Dentre os homicídios de mulheres transexuais e travestis, há recortes necessários à análise. O primeiro deles é a idade da vítima: em 2020, 56% das assassinadas tinham menos de 29 anos. “O assassinato precoce é o início da tentativa de destruição sistemática de uma população. É a consolidação de um projeto transfeminicida em pleno funcionamento no país – e no mundo” (ANTRA, 2021, pág 41). A morte na juventude, além de interromper as trajetórias de vida, reduz as chances de essas pessoas constituírem famílias e terem descendentes, interrompendo ciclos que extrapolam as vidas dos indivíduos vitimados.
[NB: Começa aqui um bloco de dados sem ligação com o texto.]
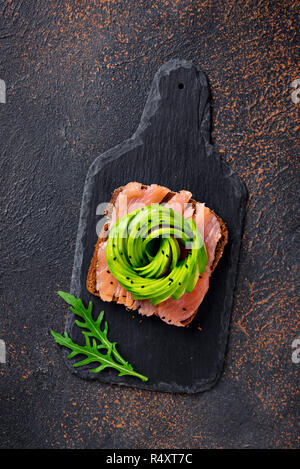 Gesunde Toast mit Lachs und Avocado rose. Ansicht von oben Stockfoto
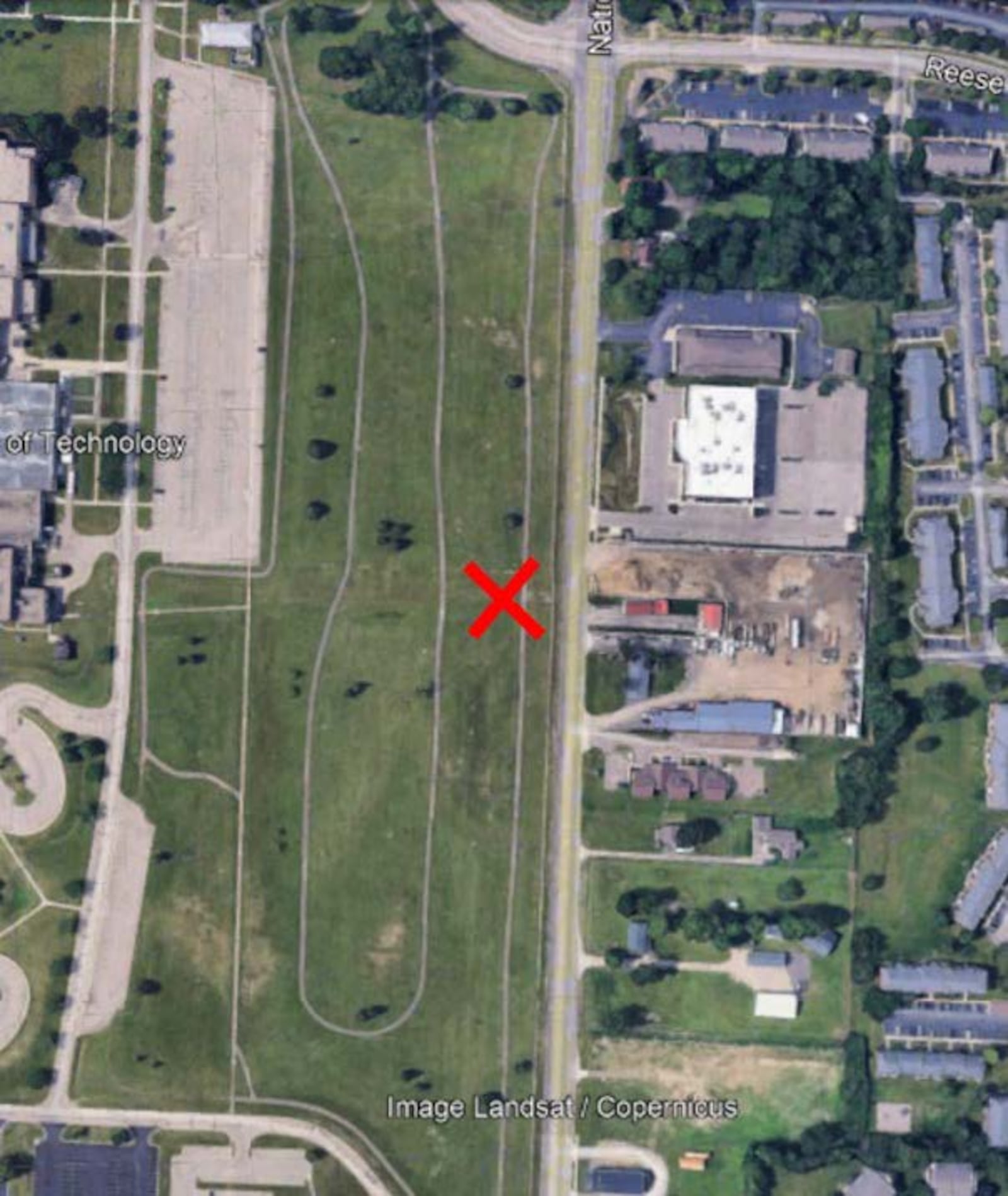 An aerial map of Wright-Patterson Air Force Base highlights the location of a new construction equipment access point off National Road. A Beavercreek developer, Synergy, is building what advocates say will be a large office park on what today is base Area B land. Air Force image.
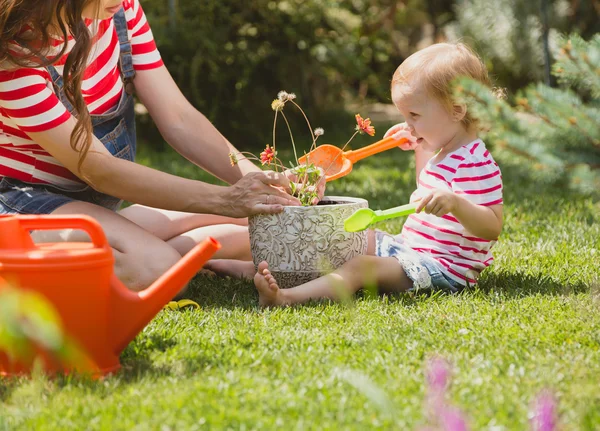 Femme enceinte avec petite fille dans le jardin . — Photo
Cabe destacar que a maior parte das vítimas têm menos de 29 anos, principalmente porque a expectativa de vida de pessoas transexuais e travestis no Brasil é de 35 anos. Sabe-se, também, que 71% dos assassinatos ocorreram em espaços públicos, sendo este o retrato mais evidente das ineficiências da política de segurança pública em assegurar os direitos dessa população. Em relação ao recorte de raça, o risco também é maior para as pessoas negras: em 78% destes homicídios em 2020, a vítima era negra. 
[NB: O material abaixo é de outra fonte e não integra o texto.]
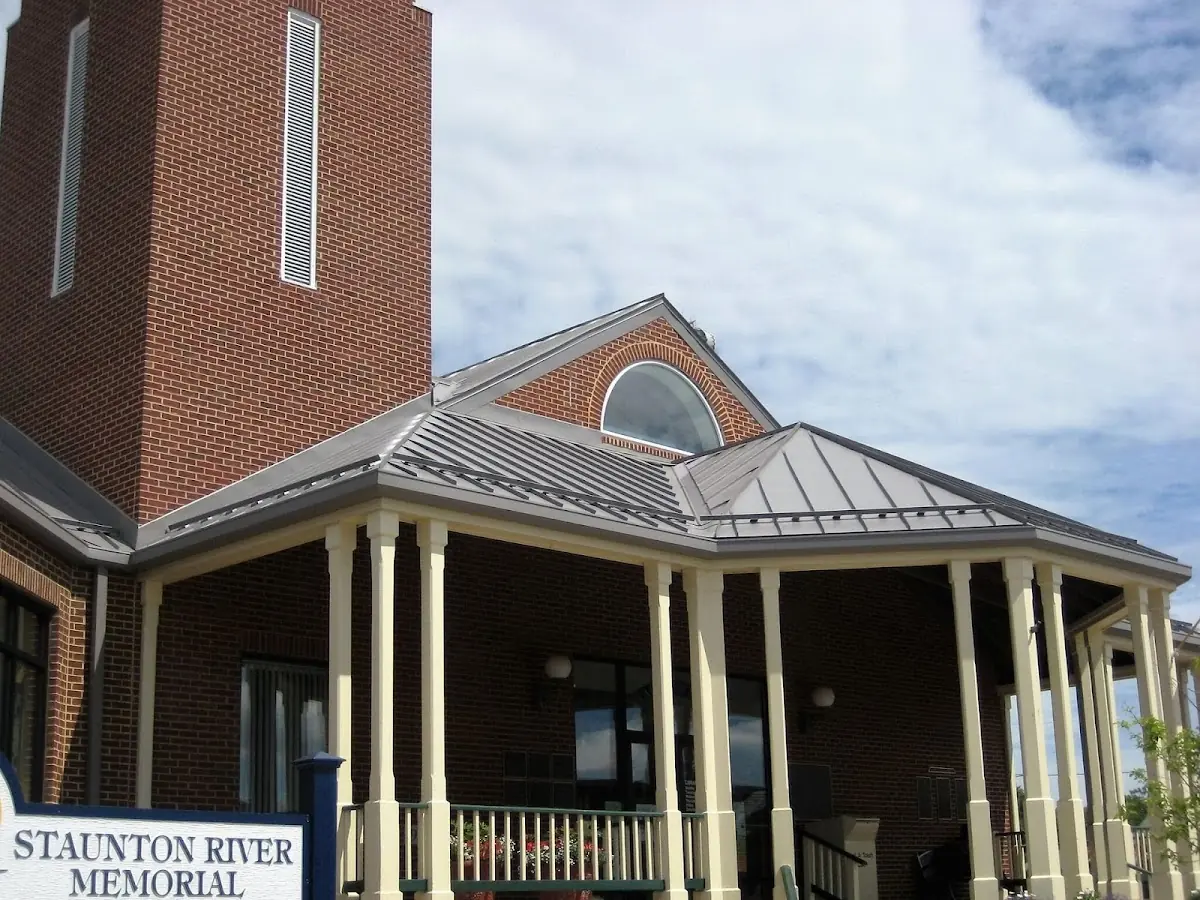 Skilled roofing craftsmen working on a residential roof in Cherry Valley
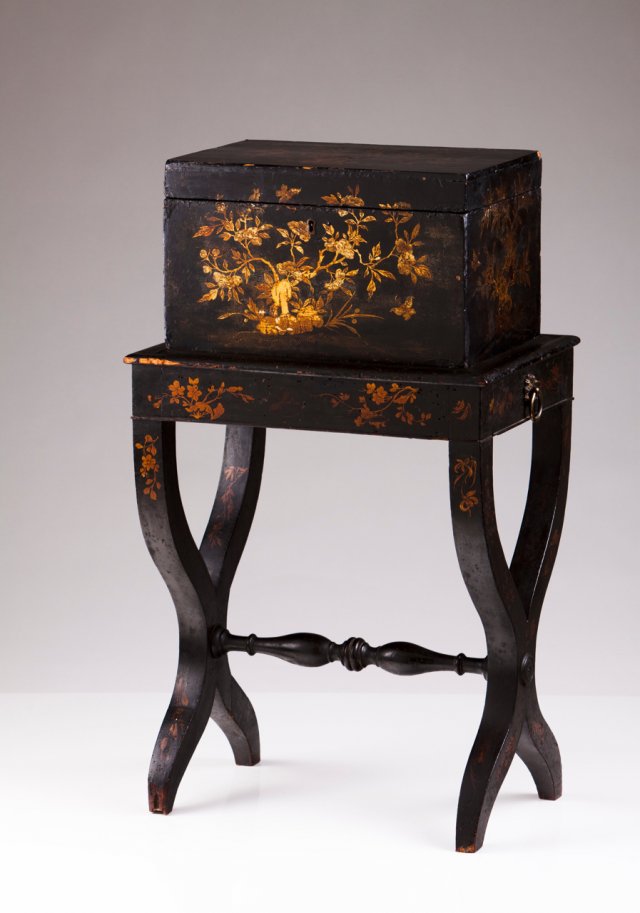 A tea caddy with stand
Há um outro fator de risco, relacionado à situação laboral. Em 2020, pelo menos 72% das mulheres transexuais e travestis vítimas de homicídio estavam em situação de prostituição. Este número é coerente com o fato de que 95% das pessoas transfemininas exercem esta atividade para sobreviver, na maioria das vezes por não encontrarem outras alternativas de trabalho[5]. Esse fato nos remete ao conceito de violência simbólica que pode ser descrito como um tipo de violência sem coação física e que se baseia no reconhecimento do indivíduo a partir de um padrão e de uma imposição dominante causando um sofrimento psicológico para suas vítimas.  A dificuldade de acesso ao mercado de trabalho pelas pessoas trans se relaciona diretamente com a violência simbólica, que dificulta a livre circulação dessas pessoas na sociedade.
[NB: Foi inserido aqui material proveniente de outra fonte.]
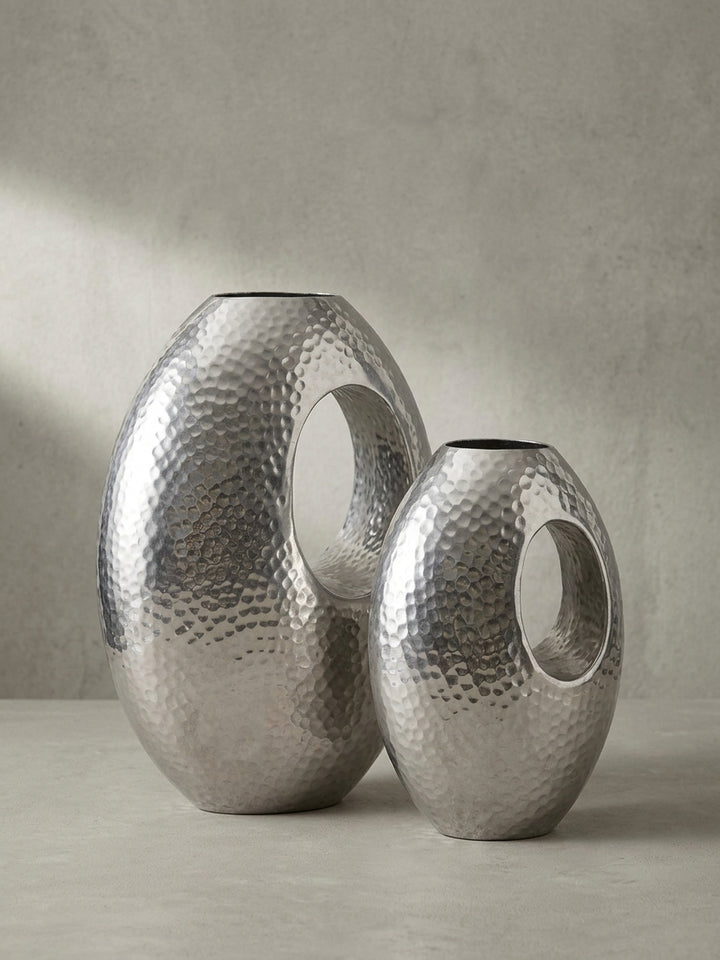 Skulpturale Blumenvase aus massivem Aluminium in Silber, handgefertigt mit charakteristischer Öffnung, aus einer 3/4-Perspektive gezeigt._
Diante deste contexto, é necessário reconhecer a profunda deficiência do Estado em promover a segurança das pessoas Diante deste contexto, é necessário reconhecer a profunda deficiência do Estado em promover a segurança das pessoas trans. O resultado mais definitivo e irreparável desta omissão, descrito neste texto, são os altos números de homicídios observados. Entretanto, a política de enfrentamento deve contemplar as violências simbólicas, psicológicas e institucionais, que sustentam, encorajam e legitimam o assassinato dessas pessoas. Nesse sentido, cabe mencionar que, segundo a revista The Lancet, 60% da população transgênero sofre de algum tipo de depressão e possuem uma chance 50% de se contaminar por HIV. Além disso, o Williams Institute afirmou que, nos EUA, a população trans e travesti possui um índice de suicídio de 40%[6].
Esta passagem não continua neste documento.